- Born: 21 May 1943 (age 83)
- Spouse: Margarita Levin

Education
- Doctoral advisor: Charles Parsons

Philosophical work
- Era: Contemporary philosophy
- Region: Western philosophy
- School: Analytic philosophy Reliabilism
- Main interests: Epistemology, philosophy of race
- Notable ideas: Heritability of intelligence

= Michael Levin (philosopher) =

American philosopher (born 1943)

Michael Levin (/ˈlɛvɪn/; born 21 May 1943) is an American philosopher and writer.
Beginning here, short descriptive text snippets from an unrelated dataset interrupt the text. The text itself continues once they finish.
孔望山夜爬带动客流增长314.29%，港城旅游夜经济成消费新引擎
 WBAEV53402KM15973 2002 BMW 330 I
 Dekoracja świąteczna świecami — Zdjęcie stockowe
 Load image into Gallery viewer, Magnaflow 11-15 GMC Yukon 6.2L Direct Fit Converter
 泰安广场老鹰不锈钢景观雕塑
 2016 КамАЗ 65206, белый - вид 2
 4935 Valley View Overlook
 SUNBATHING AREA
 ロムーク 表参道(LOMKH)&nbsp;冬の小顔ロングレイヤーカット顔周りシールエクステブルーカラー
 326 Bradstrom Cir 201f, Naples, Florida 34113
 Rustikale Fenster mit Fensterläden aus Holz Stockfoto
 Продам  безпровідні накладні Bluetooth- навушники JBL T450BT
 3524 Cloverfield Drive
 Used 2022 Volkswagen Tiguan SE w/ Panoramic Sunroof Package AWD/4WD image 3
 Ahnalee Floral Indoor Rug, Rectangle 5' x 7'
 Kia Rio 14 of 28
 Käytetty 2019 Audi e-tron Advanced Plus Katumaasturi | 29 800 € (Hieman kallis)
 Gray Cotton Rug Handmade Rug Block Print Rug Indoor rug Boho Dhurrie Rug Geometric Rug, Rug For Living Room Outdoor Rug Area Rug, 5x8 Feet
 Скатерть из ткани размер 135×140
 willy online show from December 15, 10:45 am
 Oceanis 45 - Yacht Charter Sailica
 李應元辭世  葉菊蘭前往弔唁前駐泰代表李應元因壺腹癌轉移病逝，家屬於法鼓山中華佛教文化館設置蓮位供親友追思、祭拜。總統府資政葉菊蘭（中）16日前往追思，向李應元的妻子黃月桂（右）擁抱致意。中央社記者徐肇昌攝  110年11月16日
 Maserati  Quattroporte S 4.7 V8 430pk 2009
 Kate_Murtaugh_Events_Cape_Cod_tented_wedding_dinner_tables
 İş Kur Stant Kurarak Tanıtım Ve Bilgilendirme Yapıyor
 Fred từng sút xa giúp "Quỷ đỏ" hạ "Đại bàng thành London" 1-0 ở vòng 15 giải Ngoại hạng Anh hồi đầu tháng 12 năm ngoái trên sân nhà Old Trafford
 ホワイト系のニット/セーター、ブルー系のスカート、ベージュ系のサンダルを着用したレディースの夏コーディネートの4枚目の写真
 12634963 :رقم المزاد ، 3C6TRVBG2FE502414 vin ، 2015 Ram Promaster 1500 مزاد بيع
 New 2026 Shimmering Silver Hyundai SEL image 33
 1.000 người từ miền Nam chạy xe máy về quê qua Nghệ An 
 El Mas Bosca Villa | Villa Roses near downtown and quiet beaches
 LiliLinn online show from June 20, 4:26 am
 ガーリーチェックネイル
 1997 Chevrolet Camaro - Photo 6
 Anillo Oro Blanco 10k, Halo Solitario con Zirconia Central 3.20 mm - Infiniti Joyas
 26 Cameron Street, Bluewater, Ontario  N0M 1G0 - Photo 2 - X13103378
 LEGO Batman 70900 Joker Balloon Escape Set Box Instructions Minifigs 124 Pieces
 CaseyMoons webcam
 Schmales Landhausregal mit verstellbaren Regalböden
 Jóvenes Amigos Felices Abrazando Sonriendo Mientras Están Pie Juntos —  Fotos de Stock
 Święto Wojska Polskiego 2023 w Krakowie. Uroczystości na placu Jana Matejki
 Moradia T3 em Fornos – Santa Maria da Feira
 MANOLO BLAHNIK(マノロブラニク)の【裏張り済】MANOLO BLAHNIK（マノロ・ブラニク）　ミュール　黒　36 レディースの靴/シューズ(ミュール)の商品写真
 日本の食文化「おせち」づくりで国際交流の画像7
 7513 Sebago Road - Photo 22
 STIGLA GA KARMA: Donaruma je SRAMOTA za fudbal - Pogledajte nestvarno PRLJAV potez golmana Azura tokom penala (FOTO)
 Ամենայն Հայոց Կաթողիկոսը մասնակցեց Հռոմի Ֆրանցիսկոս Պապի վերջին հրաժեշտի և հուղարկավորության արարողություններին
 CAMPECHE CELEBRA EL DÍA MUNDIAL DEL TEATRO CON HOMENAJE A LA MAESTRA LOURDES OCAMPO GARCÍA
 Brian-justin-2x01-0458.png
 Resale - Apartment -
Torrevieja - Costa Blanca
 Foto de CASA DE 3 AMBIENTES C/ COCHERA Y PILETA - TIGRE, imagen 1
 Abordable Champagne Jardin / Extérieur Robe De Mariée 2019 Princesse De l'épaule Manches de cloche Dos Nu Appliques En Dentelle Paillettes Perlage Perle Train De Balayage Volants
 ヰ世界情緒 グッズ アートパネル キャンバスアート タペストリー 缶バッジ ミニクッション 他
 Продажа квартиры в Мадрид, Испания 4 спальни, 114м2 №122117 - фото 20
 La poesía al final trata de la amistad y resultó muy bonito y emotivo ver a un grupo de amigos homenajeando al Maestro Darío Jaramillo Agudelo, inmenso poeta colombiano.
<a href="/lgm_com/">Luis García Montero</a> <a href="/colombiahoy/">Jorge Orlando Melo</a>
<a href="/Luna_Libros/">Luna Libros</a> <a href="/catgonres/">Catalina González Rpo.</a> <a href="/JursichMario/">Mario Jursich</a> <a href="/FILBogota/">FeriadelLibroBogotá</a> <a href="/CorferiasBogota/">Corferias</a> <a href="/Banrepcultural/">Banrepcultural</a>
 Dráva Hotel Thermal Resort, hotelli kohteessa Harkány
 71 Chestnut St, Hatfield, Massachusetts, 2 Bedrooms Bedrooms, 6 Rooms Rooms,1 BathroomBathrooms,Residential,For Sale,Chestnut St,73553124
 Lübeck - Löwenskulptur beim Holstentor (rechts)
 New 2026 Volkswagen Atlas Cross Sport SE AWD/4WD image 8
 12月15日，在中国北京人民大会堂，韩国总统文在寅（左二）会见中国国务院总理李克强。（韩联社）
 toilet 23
A professor emeritus of philosophy at City College of New York, he has published on topics of metaphysics, epistemology, race, homosexuality, animal rights, the philosophy of archaeology, the philosophy of logic, philosophy of language, and the philosophy of science.

Levin's central research interests are in epistemology (reliabilism and Gettier problems) and the philosophy of race.

==Education==
Levin graduated from Stuyvesant High School in 1960, earned his Bachelor of Arts degree from Michigan State University in 1964, and studied at Columbia University where he received a doctoral degree in 1969. His dissertation was titled "Wittgenstein's Philosophy of Mathematics".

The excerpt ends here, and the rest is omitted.